(EXTRACTED ENTRIES)

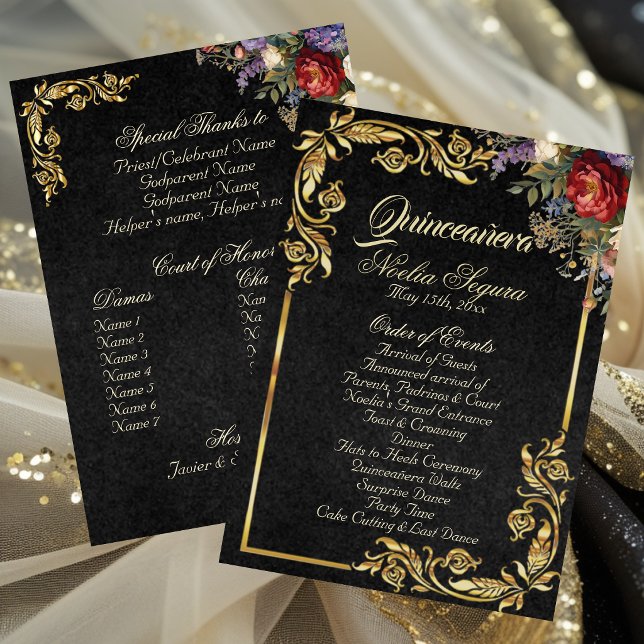 Blommor & Guldblad - Svart Quinceanera-program Program (Skapare uppladdad)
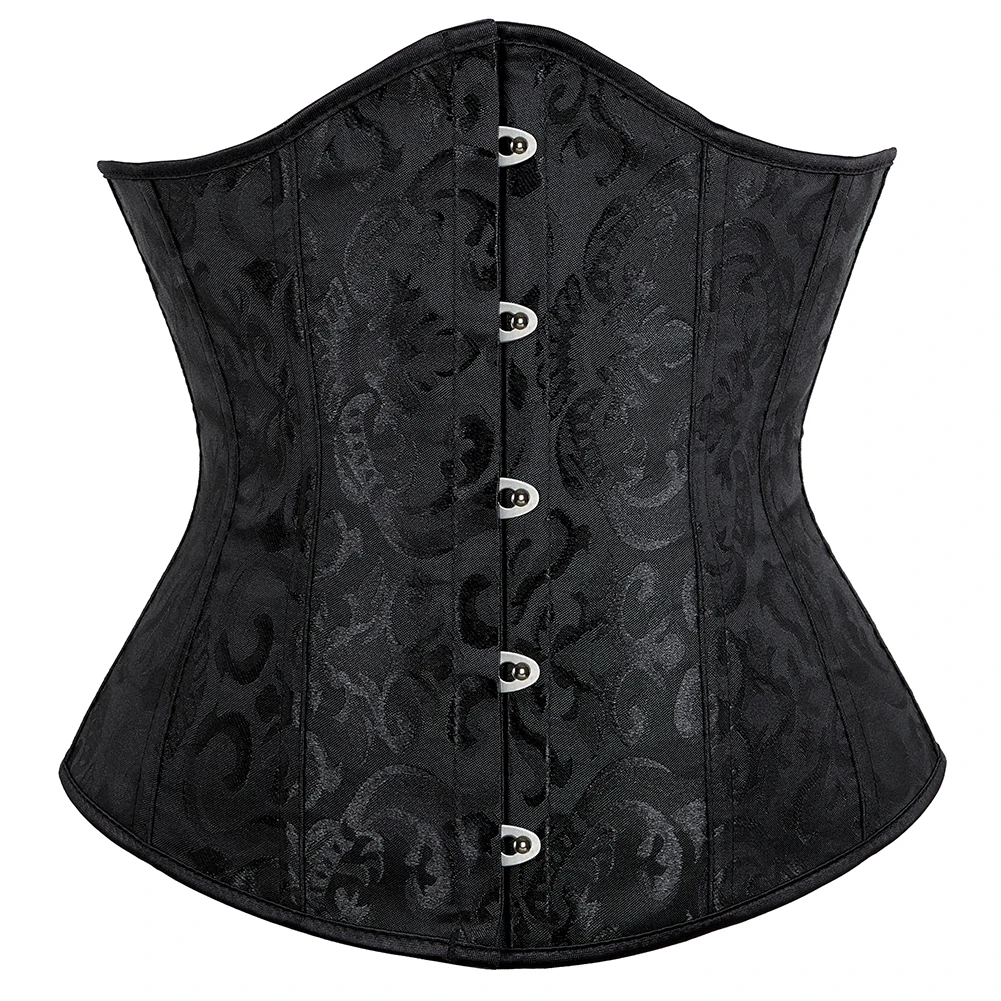 

Jacquard Underbust Corset Floral Push Up Boned Bustier Gothique Korsett For Women Front Busk Gorset Plus Size Korse Sexy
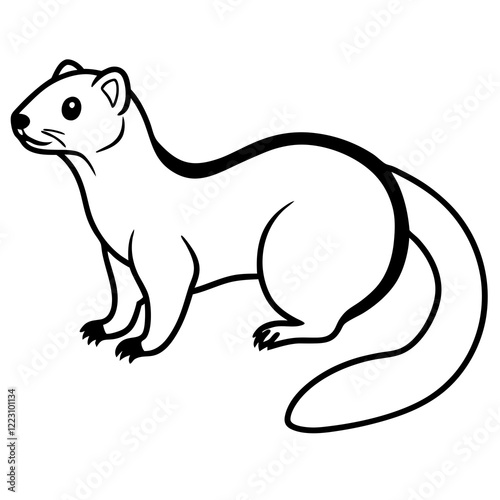Cute Silhouette of a Weasel line art vector cartoon illustration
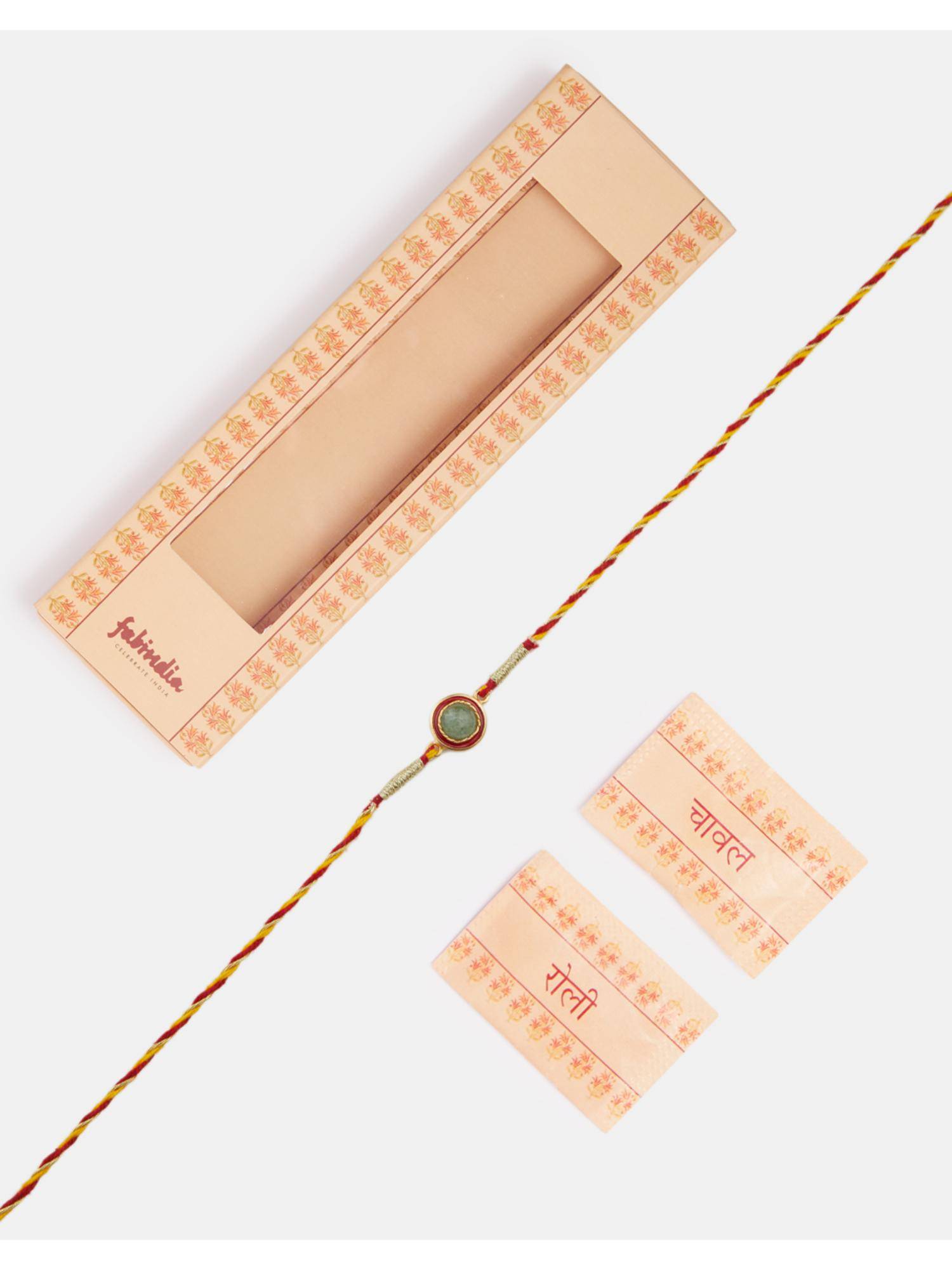Fabindia Women Olive Stone Rakhi with Roli Chawal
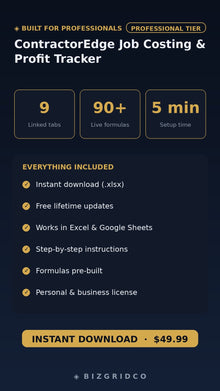 Job Costing Spreadsheet Contractor Profit Tracker Labor Cost Construction Budget Excel Google Sheets - BizGridCo.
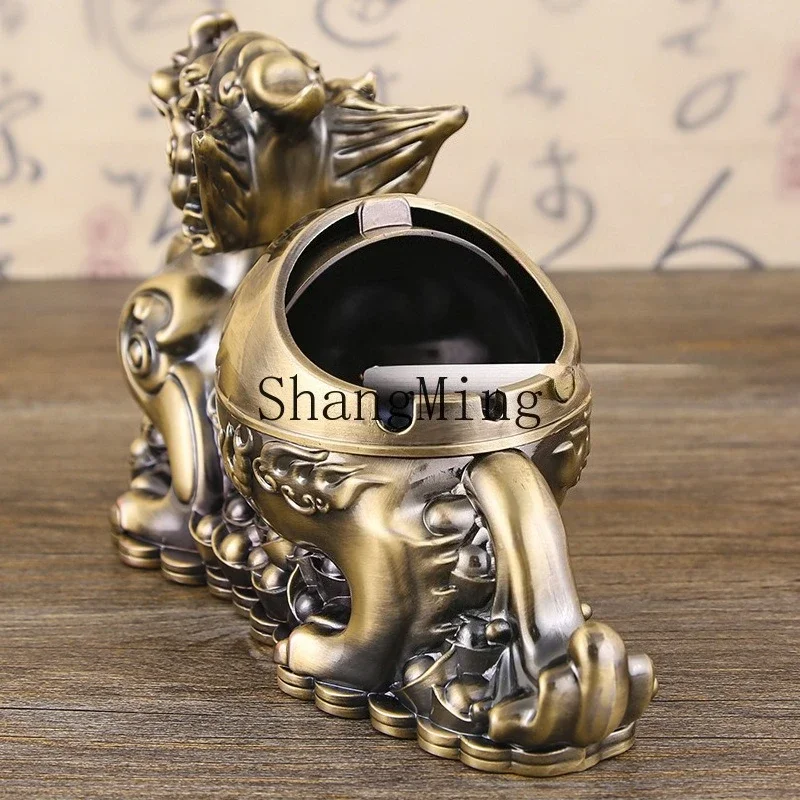 

CLL Chinese style metal lucky Pixiu three-dimensional carving ashtray retro office home living room ashtray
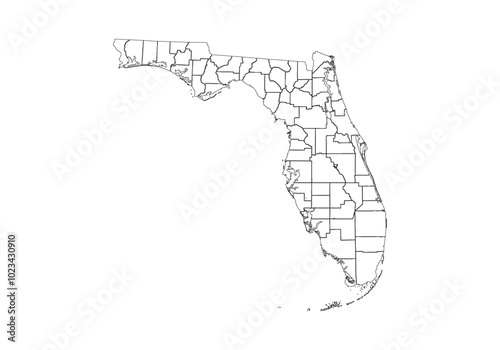 Mapa de trazo negro de Florida en fondo blanco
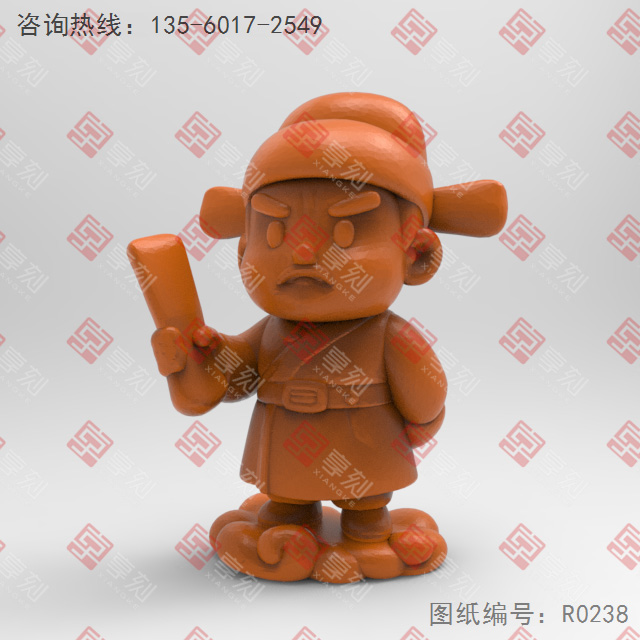 Q版八仙曹国舅电脑3d模型图stl_享刻五轴雕刻机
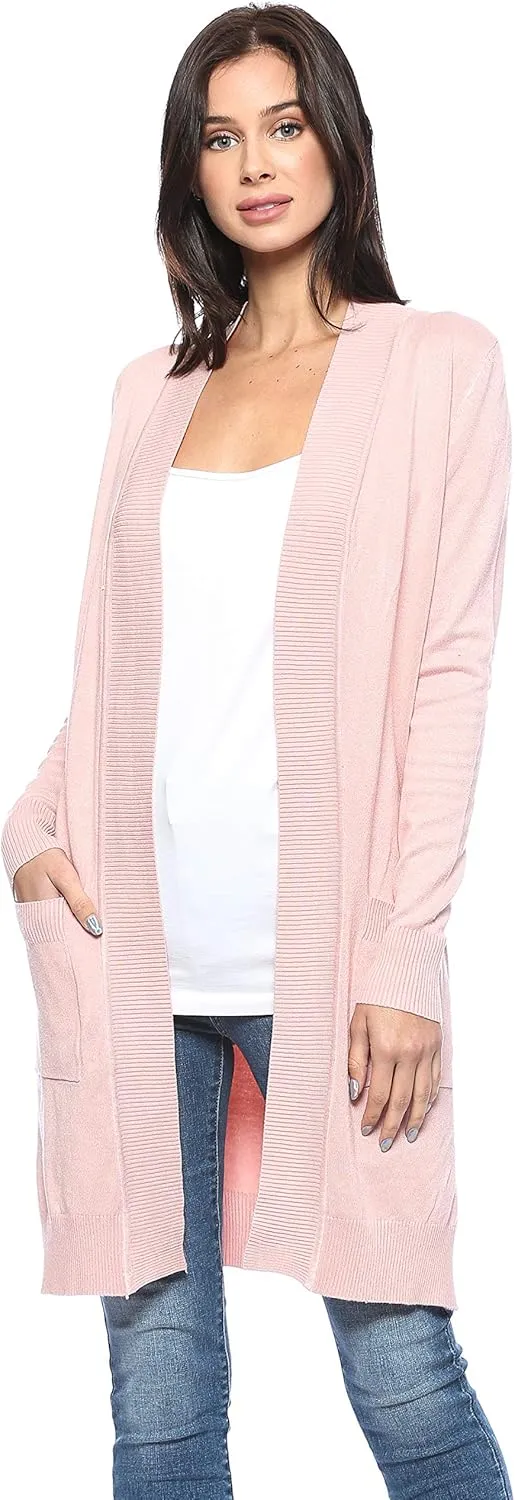 Urban Look Women's Long Sleeve Classic Open Front Knit Long Cardigan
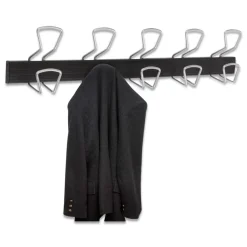 Alba 29.92 in. x 2.95 in. x 6.45 in. 22 lb Capacity Metal Wall-Mount Coat Hooks - Silver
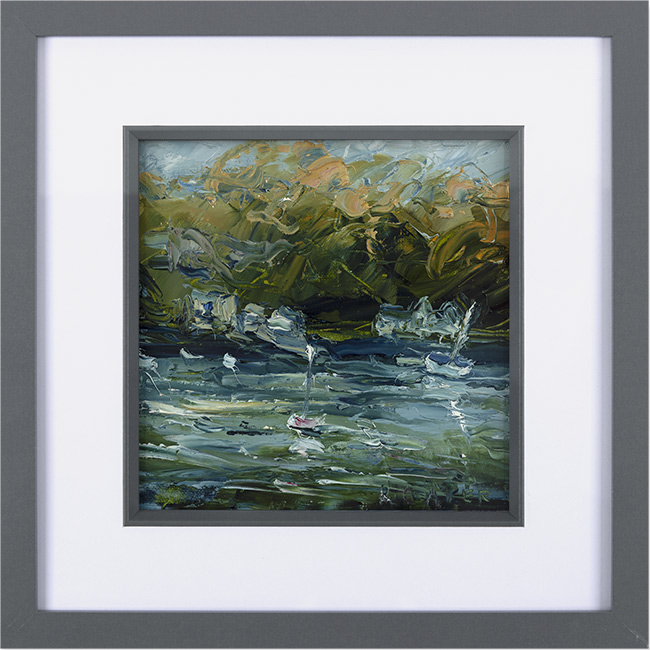 Rupert Aker, Original oil painting on paper, Bodinnick, click to enlarge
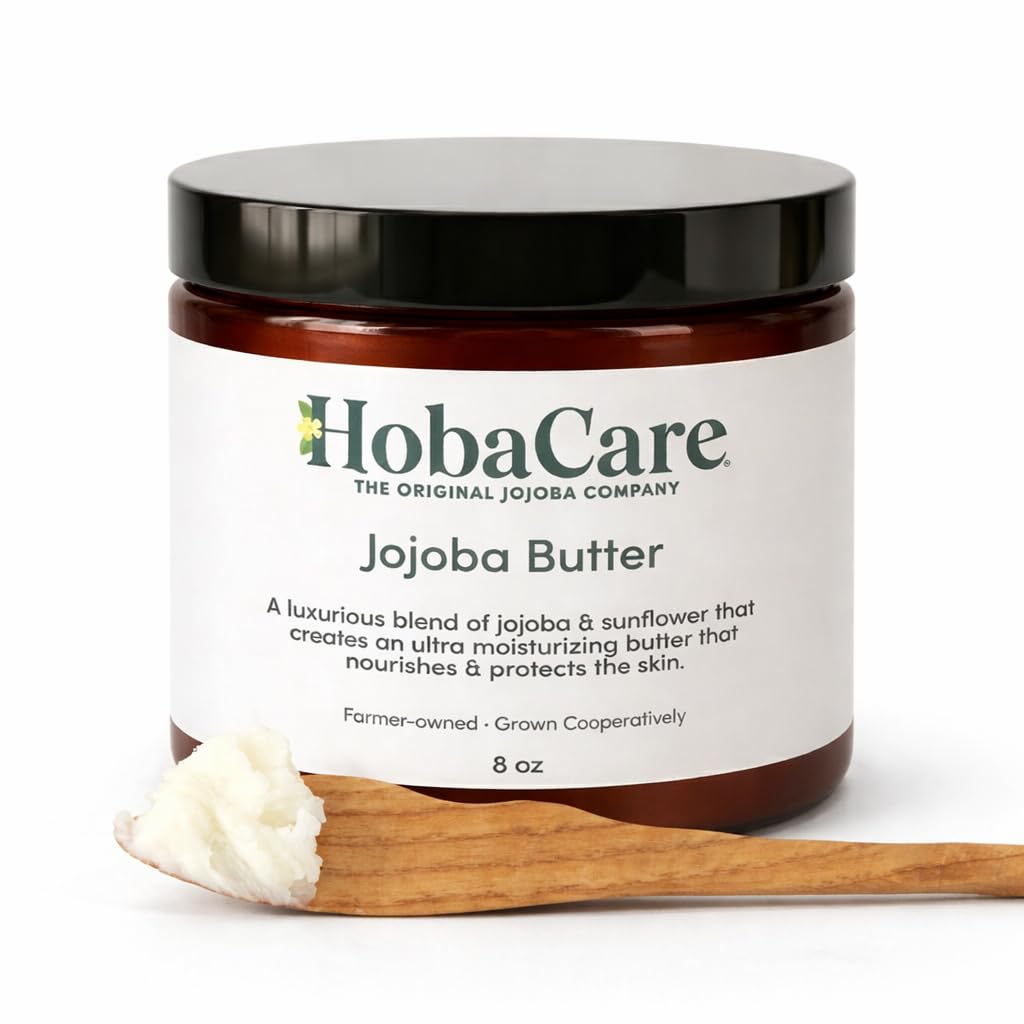 HobaCare Jojoba Butter, Fragrance-Free Body Butter Base with Natural First-Press Pure Jojoba Oil - Softening, Moisturizing, Vegan, Cruelty-Free Cream for Skin & Hair (8 oz)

(End EXTRACTED ENTRIES)

▶ TASK TO CARRY OUT:
In the entries above, which lines run from the one with "Q版八仙曹国舅电脑3d模型图stl_享刻五轴雕刻机" up to and including the one with "Rupert Aker, Original"? Write them out exactly, without the pictures.

▶ OUTPUT OF THE EXERCISE:
 Q版八仙曹国舅电脑3d模型图stl_享刻五轴雕刻机
 Urban Look Women's Long Sleeve Classic Open Front Knit Long Cardigan
 Alba 29.92 in. x 2.95 in. x 6.45 in. 22 lb Capacity Metal Wall-Mount Coat Hooks - Silver
 Rupert Aker, Original oil painting on paper, Bodinnick, click to enlarge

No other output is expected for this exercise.